── INFORMATION ──

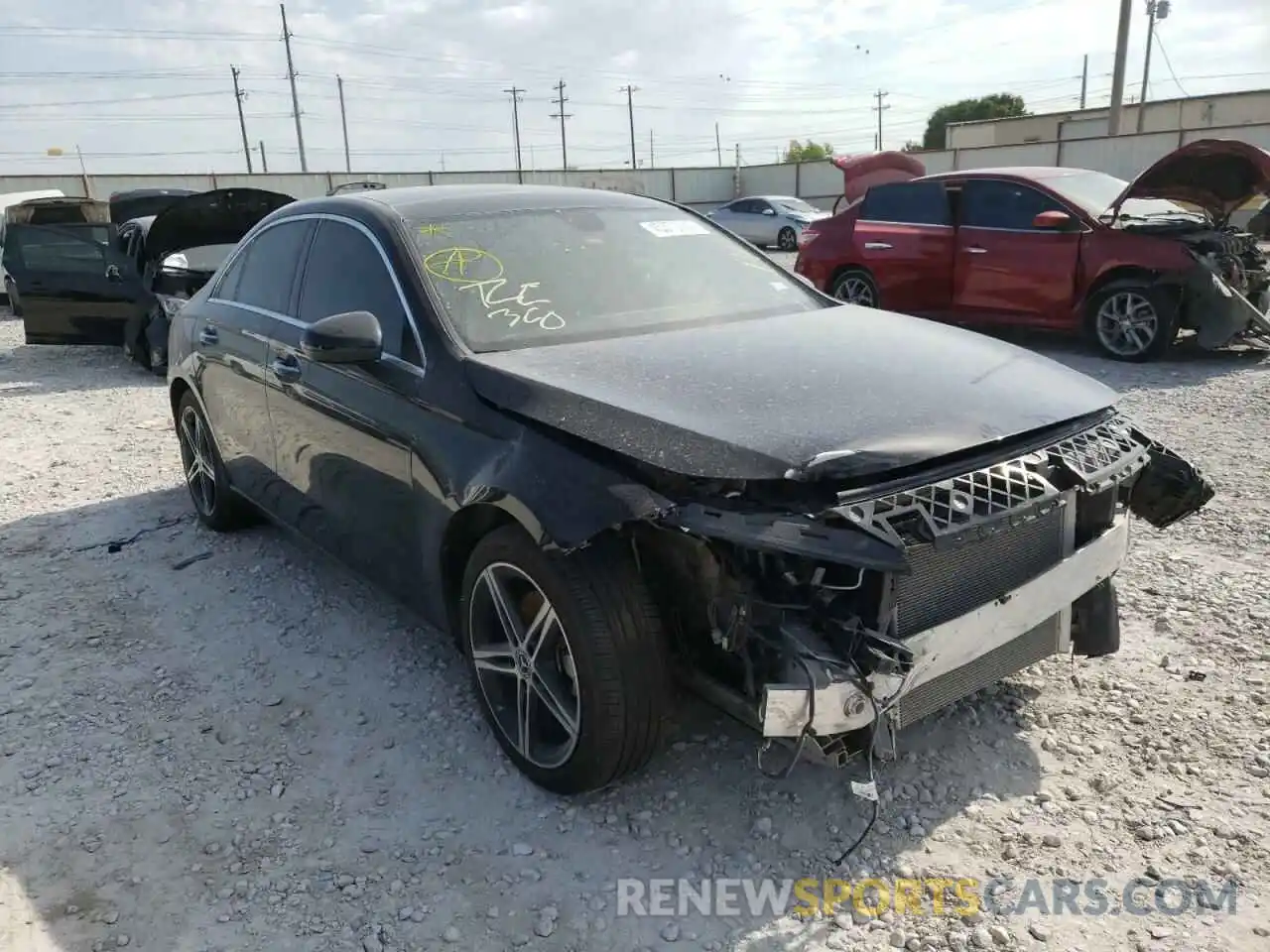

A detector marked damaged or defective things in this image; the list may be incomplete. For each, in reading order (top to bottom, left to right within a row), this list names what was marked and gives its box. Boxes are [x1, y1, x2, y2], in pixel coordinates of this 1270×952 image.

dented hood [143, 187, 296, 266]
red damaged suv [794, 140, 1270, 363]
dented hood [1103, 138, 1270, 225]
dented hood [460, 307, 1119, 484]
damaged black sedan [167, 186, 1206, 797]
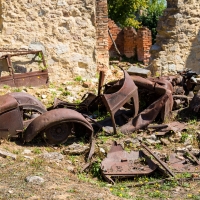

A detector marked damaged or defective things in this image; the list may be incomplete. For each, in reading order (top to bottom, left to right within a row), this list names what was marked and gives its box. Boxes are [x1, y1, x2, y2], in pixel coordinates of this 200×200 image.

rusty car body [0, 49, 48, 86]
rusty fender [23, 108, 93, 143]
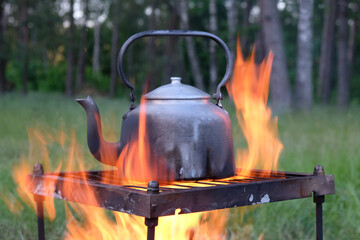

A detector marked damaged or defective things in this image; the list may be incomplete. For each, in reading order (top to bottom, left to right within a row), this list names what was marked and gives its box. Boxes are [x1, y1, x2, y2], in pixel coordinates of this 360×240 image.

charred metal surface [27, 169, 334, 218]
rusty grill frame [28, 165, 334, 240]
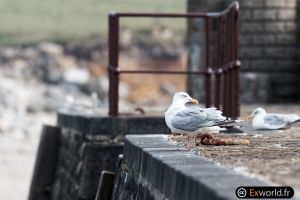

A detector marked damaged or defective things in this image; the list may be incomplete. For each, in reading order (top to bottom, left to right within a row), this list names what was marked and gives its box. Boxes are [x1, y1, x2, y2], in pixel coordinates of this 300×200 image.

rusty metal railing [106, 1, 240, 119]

───
── INFORMATION ──

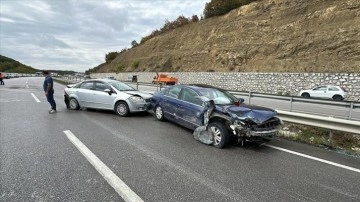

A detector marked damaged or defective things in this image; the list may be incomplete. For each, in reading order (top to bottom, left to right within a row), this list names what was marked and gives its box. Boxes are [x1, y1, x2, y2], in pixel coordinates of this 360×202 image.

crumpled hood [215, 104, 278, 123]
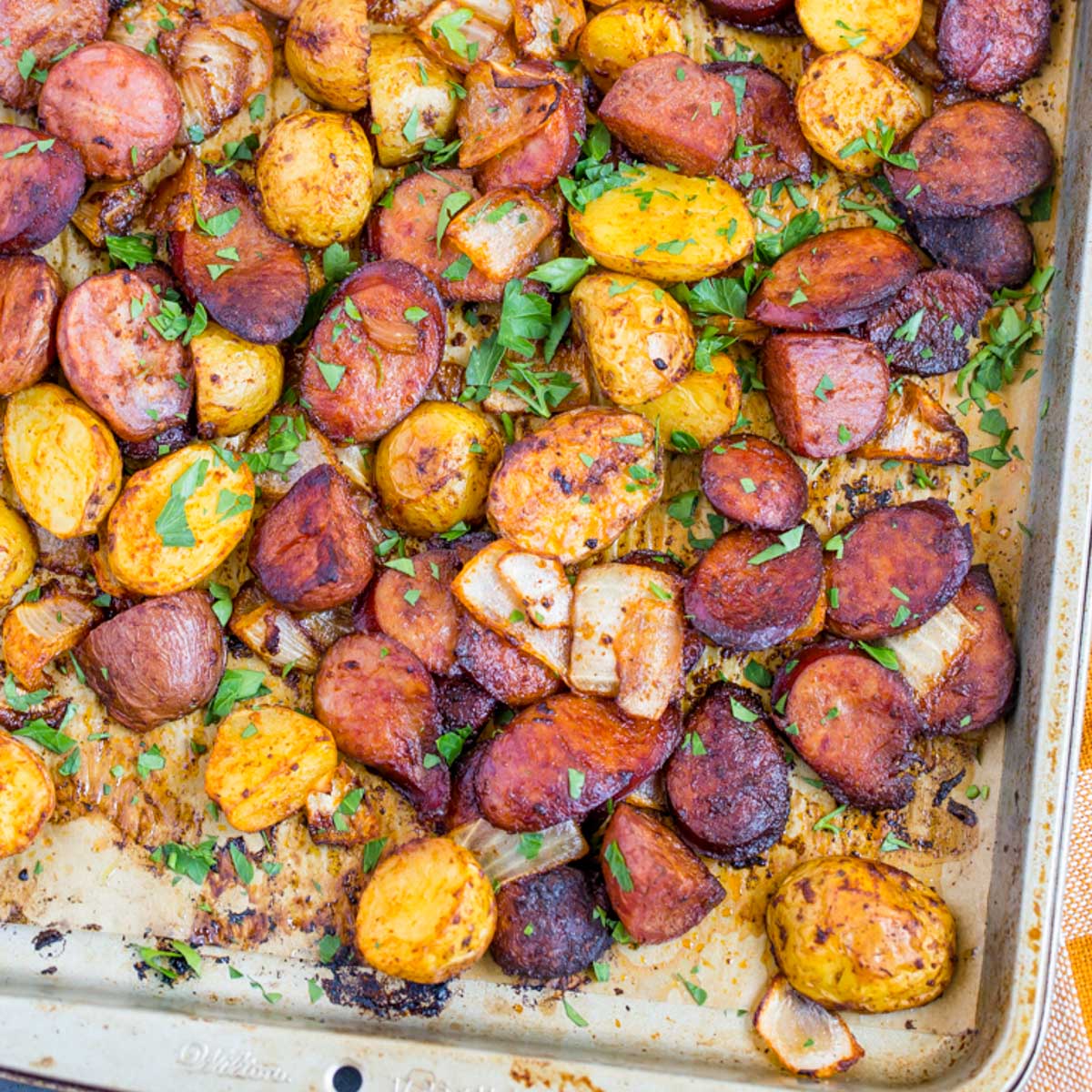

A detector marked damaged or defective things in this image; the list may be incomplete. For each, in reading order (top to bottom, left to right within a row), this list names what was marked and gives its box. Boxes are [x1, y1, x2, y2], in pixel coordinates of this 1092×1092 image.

───

EXERCISE INSTRUCTIONS
Nothing but the lines from the one with "this 360×202 image." up to and including the one with "this 1092×1092 image." should be printed, exactly as they read above. Please keep the pictures out.

EXERCISE OUTPUT
A detector marked damaged or defective things in this image; the list may be incomplete. For each, in reading order (top to bottom, left to right within a row), this list names what was marked and gives its box. Boxes are [x1, y1, x2, y2], in pixel coordinates of this 360×202 image.

crumpled hood [215, 104, 278, 123]

A detector marked damaged or defective things in this image; the list may be incomplete. For each, in reading order (top to bottom, left to right within a row), this list names what was marked and gives its box. Boxes are [x1, y1, x2, y2], in pixel coordinates of this 1092×1092 image.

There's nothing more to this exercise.